Note (Kubernetes): If running these scripts inside a Kafka pod causes a JMX port conflict (common with default Helm settings), prefix the command with:

KAFKA_JMX_OPTS='-Dcom.sun.management.jmxremote.port=5556 -Dcom.sun.management.jmxremote.rmi.port=5556 -Dcom.sun.management.jmxremote.authenticate=false -Dcom.sun.management.jmxremote.ssl=false' <script-name>

Scenarios

Producer

1. Set a Very Small Max Message Size

Causes RecordTooLargeException on the producer side — good for testing error handlers.

# Reject messages larger than 100 bytes
kafka-configs.sh --bootstrap-server localhost:9092 \
--alter --add-config 'max.message.bytes=100' \
--entity-type topics --entity-name my-topic

2. Producer Timeouts (Low request.timeout.ms)

Forces producers to time out before the broker responds, useful for testing retry logic and timeout error handling.

# Set on the producer client config
request.timeout.ms=100
max.block.ms=500

3. NotEnoughReplicasException (min.insync.replicas)

Set min.insync.replicas higher than the number of currently in-sync replicas, then produce with acks=all. Producers will get NotEnoughReplicasException immediately.

kafka-configs.sh --bootstrap-server localhost:9092 \
--alter --add-config 'min.insync.replicas=3' \
--entity-type topics --entity-name my-topic

Consumer

4. Force Consumer Group Rebalances (Low Poll Interval)

Causes the consumer to be evicted from the group if it doesn't call poll() within the timeout, triggering continuous rebalances. Useful for testing rebalance handling and partition reassignment logic.

# Set on the consumer client config (not via kafka-configs.sh)
max.poll.interval.ms=1000

5. Frequent Heartbeat Failures (Low Session Timeout)

Causes the broker to consider the consumer dead if it misses heartbeats, triggering rebalance storms. Combine with a slow consumer to make this reproducible.

# Set on the consumer client config
session.timeout.ms=1000
heartbeat.interval.ms=300

Throughput / Quota

6. Throttle Producer/Consumer Throughput

Simulates slow networks or back-pressure. Triggers THROTTLING behavior in clients and can expose timeout bugs and back-pressure handling issues.

# Throttle a specific producer to 1KB/s
kafka-configs.sh --bootstrap-server localhost:9092 \
--alter --add-config 'producer_byte_rate=1024' \
--entity-type clients --entity-name my-producer

# Throttle a consumer
kafka-configs.sh --bootstrap-server localhost:9092 \
--alter --add-config 'consumer_byte_rate=1024' \
--entity-type clients --entity-name my-consumer

7. Quota Violations for Users

Triggers quota-exceeded errors in clients connected as that user.

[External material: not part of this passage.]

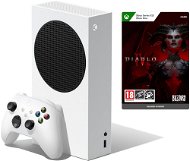 Xbox Series S + Diablo IV - Game Console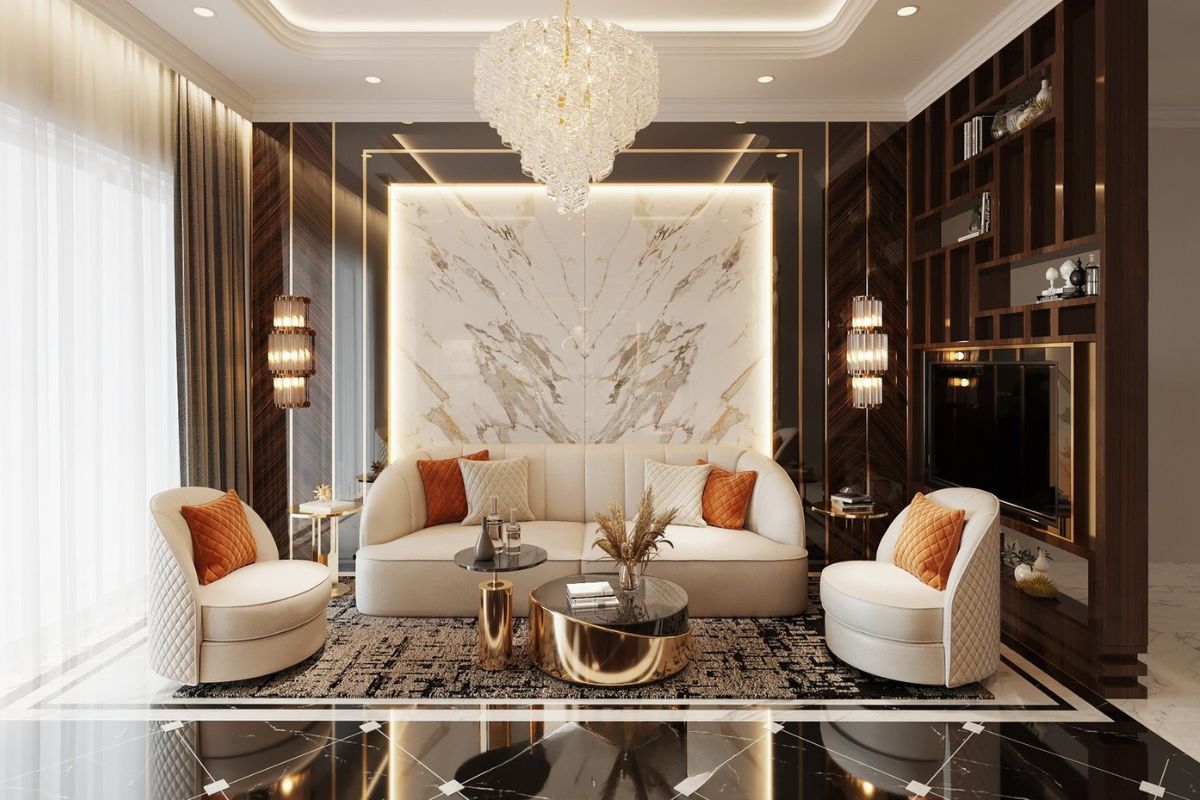 Hệ thống Smart Home giúp không gian nội thất biệt thự Gamuda Luxury trở nên tiện nghi, hiện đại và dễ dàng kiểm soát (Ảnh: Sưu tầm)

# Severely restrict a user's throughput
kafka-configs.sh --bootstrap-server localhost:9092 \
--alter --add-config 'producer_byte_rate=1,consumer_byte_rate=1' \
--entity-type users --entity-name test-user

Broker

8. Simulate a Slow/Unresponsive Broker (SIGSTOP/SIGCONT)

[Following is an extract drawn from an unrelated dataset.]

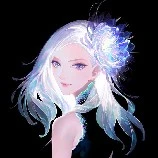 The lady
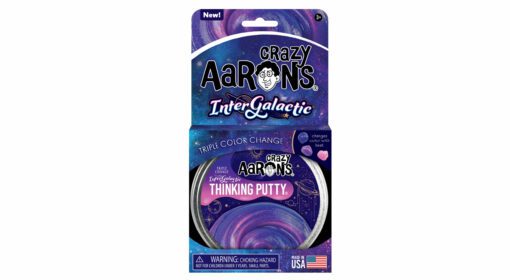 Crazy Aarons Thinking Putty Trendsetter Intergalactic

Pauses a broker process without killing it, simulating a hung or GC-paused broker. Clients will time out waiting for responses. Resume with SIGCONT to restore it.

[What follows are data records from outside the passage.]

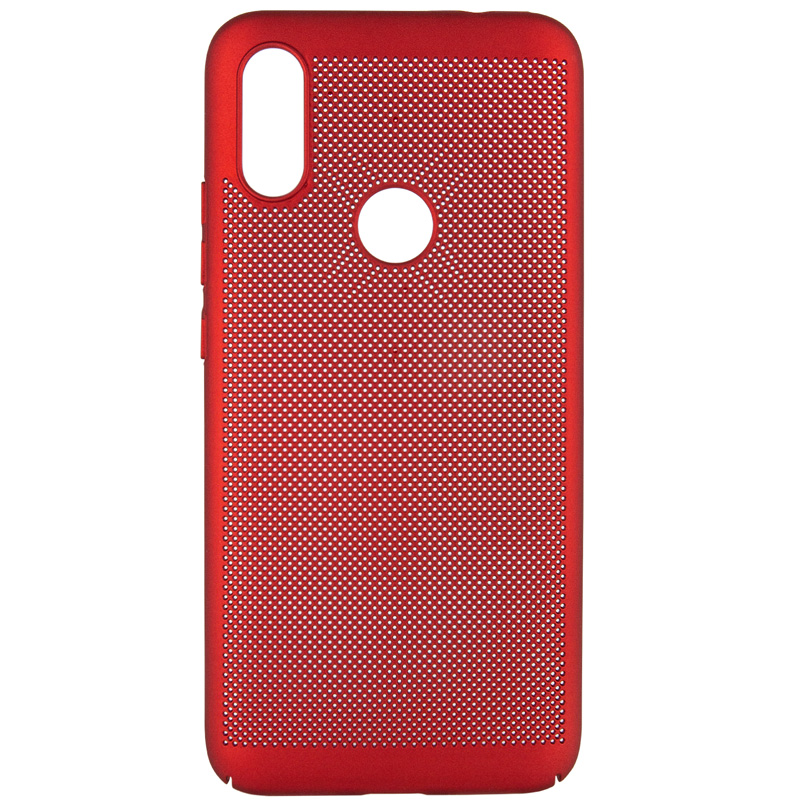 

Чохол Grid Case для Xiaomi Redmi Y3 (Червоний) 707782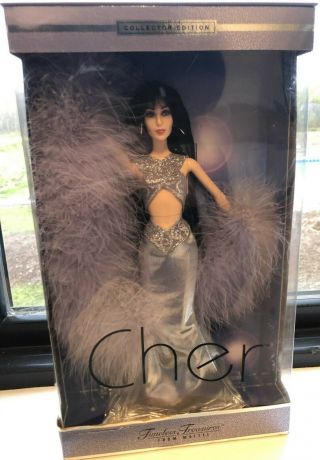 Barbie Cher Timeless Treasures Collector Edition Doll (2001) Bob Mackie Nrfb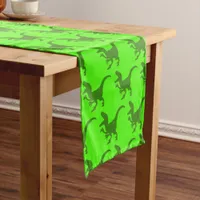 Rampaging Dinosaurs Table Runner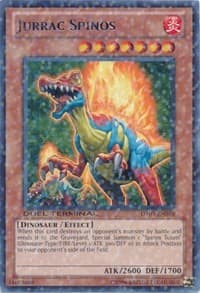 Jurrac Spinos: Duel Terminal 3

# Find the broker PID and pause it
kill -SIGSTOP <broker-pid>

# Resume it
kill -SIGCONT <broker-pid>

9. Stress Broker Durability (Infrequent Flushing)

Forces the broker to rely on OS-level flushing rather than explicit syncs, simulating a broker under write pressure where durability guarantees are weaker.

kafka-configs.sh --bootstrap-server localhost:9092 \
--alter --add-config 'log.flush.interval.messages=100000' \
--entity-type brokers --entity-name 1

10. Stress Broker I/O (Excessive Flushing)

Forces a fsync after every message, creating extreme disk I/O pressure. Useful for exposing producer timeout and retry behavior under a slow broker.

kafka-configs.sh --bootstrap-server localhost:9092 \
--alter --add-config 'log.flush.interval.messages=1' \
--entity-type brokers --entity-name 1

Topic / Log

11. Reduce Retention to Force Log Truncation

Useful for testing consumers that fall behind and hit OffsetOutOfRangeException.

# Set retention to 1 second — messages deleted almost immediately
kafka-configs.sh --bootstrap-server localhost:9092 \
--alter --add-config 'retention.ms=1000' \
--entity-type topics --entity-name my-topic

12. Disk Pressure via Byte-Based Retention

Forces the broker to continuously delete segments to stay under the size limit. Consumers that fall behind will hit OffsetOutOfRangeException.

# Set retention to 1MB
kafka-configs.sh --bootstrap-server localhost:9092 \
--alter --add-config 'retention.bytes=1048576' \
--entity-type topics --entity-name my-topic

13. Force Aggressive Log Segment Rolling

Creates many small segments rapidly, useful for testing log compaction, index corruption resilience, and disk I/O pressure.

kafka-configs.sh --bootstrap-server localhost:9092 \
--alter --add-config 'segment.ms=1000,segment.bytes=1024' \
--entity-type topics --entity-name my-topic

14. Aggressive Log Compaction

Forces compaction to run nearly continuously. Useful for testing consumers reading compacted topics and exposing races between compaction and consumption.

kafka-configs.sh --bootstrap-server localhost:9092 \
--alter --add-config 'cleanup.policy=compact,min.cleanable.dirty.ratio=0.01,min.compaction.lag.ms=0' \
--entity-type topics --entity-name my-topic